Современная американская повесть | страница 14
Рубеж, который обозначен в исторической биографии черной Америки событиями последней четверти века, слишком значителен, чтобы не пробудилось новое самосознание. О нем и написана повесть Болдуина, возвращающая к коренным вопросам негритянского опыта: какой тип человека сформирован, какой духовный багаж наследуют сегодняшние сыновья Гарлема? Травмированность, чувство человеческой разделенности, мучительное ощущение связанности расой, подавляющей личность? Или, может быть, в минуты самых тяжких переживаний Гарлем становится действительно родным домом, землей для негритянского Антея, триста лет не уступающего в своей неравной схватке с расизмом?
Болдуин — художник, слишком обостренно видящий контрасты негритянской жизни, чтобы отвечать на эти вопросы односложно. И в «Бийл-стрит» перед читателем пройдет вереница людей, духовно сломленных, признавших «метафизическую реальность расы» вековечной и непреодолимой, а тем самым молчаливо смирившихся и с утверждаемыми расизмом мифами, и с его социальными установлениями. На Бийл-стрит «сама смерть была проще простого, и то, что вело к ней, тоже было проще простого — вроде чумы». Оттого десятилетиями господствует здесь сознание своей навечной приписанности к гетто, своего наперед известного безрадостного удела, который способен создавать лишь общность отчаяния, рожденную неволей, и растравлять отвращение к жизни да вымученные иллюзии морального «черного превосходства». «За что только не цепляешься, чтобы выдержать ужас, когда ужас окружает тебя со всех сторон».

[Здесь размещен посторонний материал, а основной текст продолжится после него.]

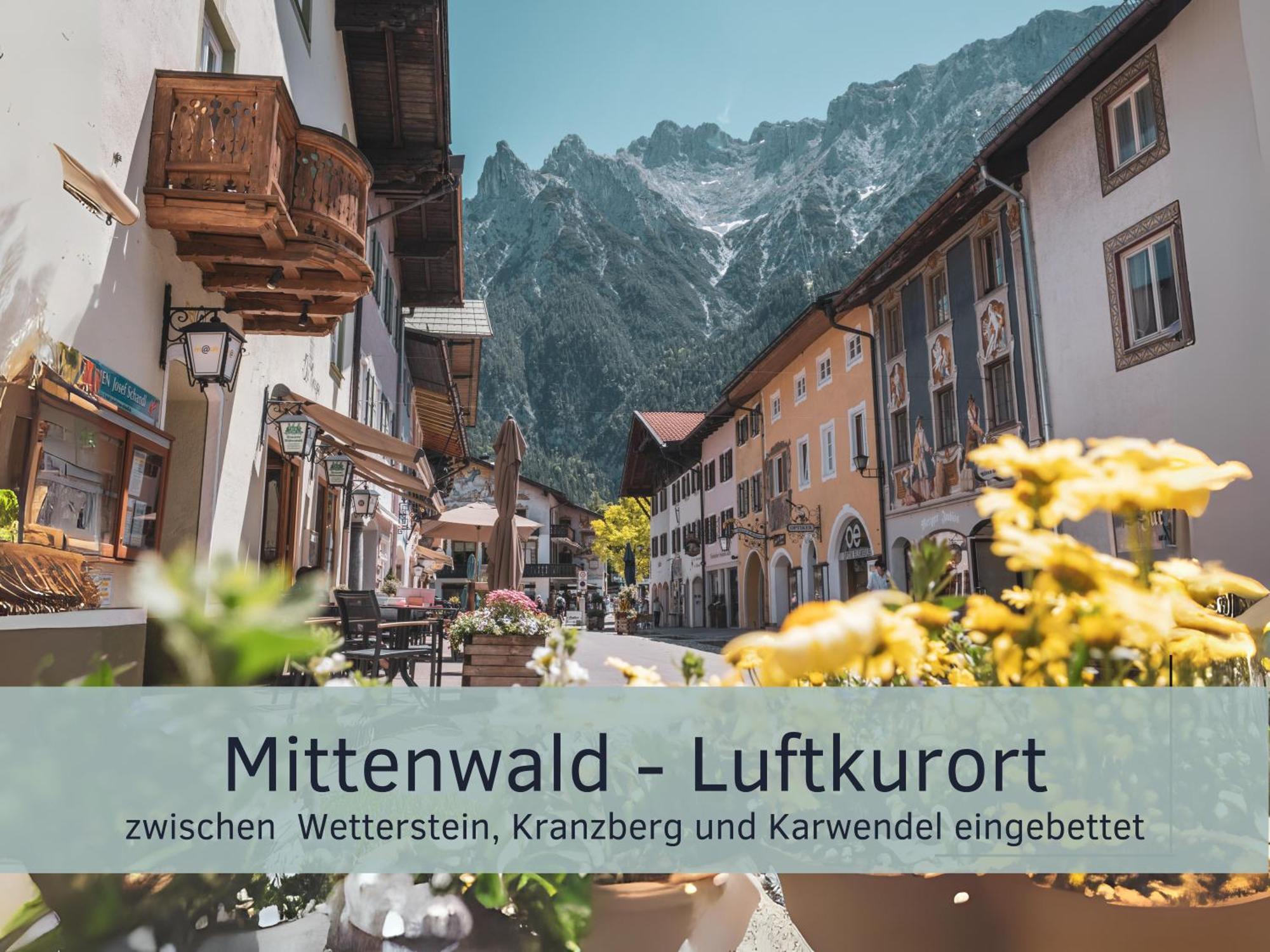 Die Karwendelsuite - 5 Sterne Fewo Mit Bestem Bergblick, Zentrumsnah & Ruhig Gelegen, Familienfreundlich Mittenwald Ngoại thất bức ảnh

Но герои Болдуина сумели сохранить достоинство и веру, которая отвергает самосохранение любой ценой и не признает убогого идеала законопослушного, «незаметного» существования. Они дети новой эпохи, когда на негритянской окраине утверждается — пусть мучительно, но неуклонно — решимость защищать свое право на человеческую жизнь. Когда нравственная пришибленность отступает перед твердостью духа, сохраненной среди грязи Гарлема и ужасов тюремного ада. Когда отступает разобщенность перед высоким чувством сплоченности и готовности совершить «прыжок с вышки отчаяния», пусть этот прыжок кажется смертельным.

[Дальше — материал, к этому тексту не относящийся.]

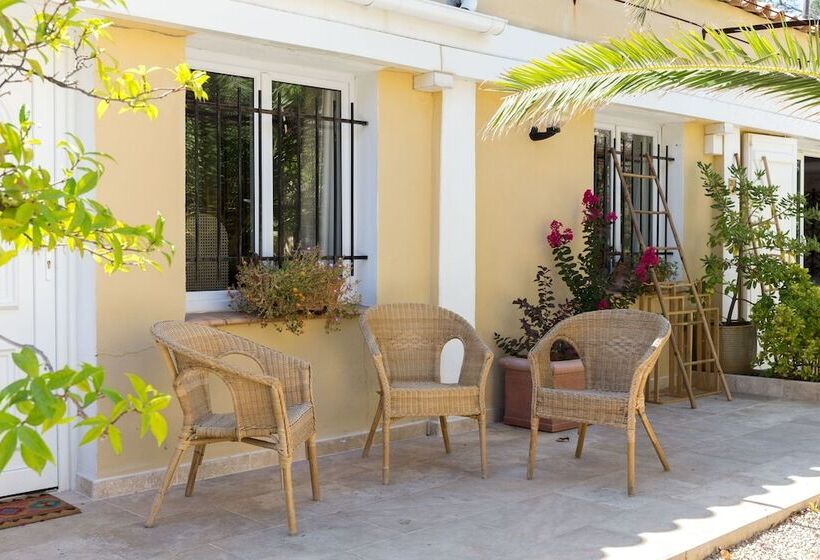 Cap Riviera Hotel & Restaurant Saint Aygulf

История движется вопреки всем «метафизическим реальностям», и ее движение лишь делает их особенно непереносимыми. В минуту великого напряжения душевных сил пригоршней праха становится все наносное в человеке и высветляется его истинная гуманная суть. В повести Болдуина эта мысль — центральная. Порой не столь отчетливо воплощенная, она тем не менее присутствует и во всех других повестях, которые вошли в эту книгу. Трагизм многих их страниц не имеет ничего общего с капитуляцией перед злом, а вера в человека непоколебима, как ни тягостны социальные обстоятельства, формирующие его жизнь.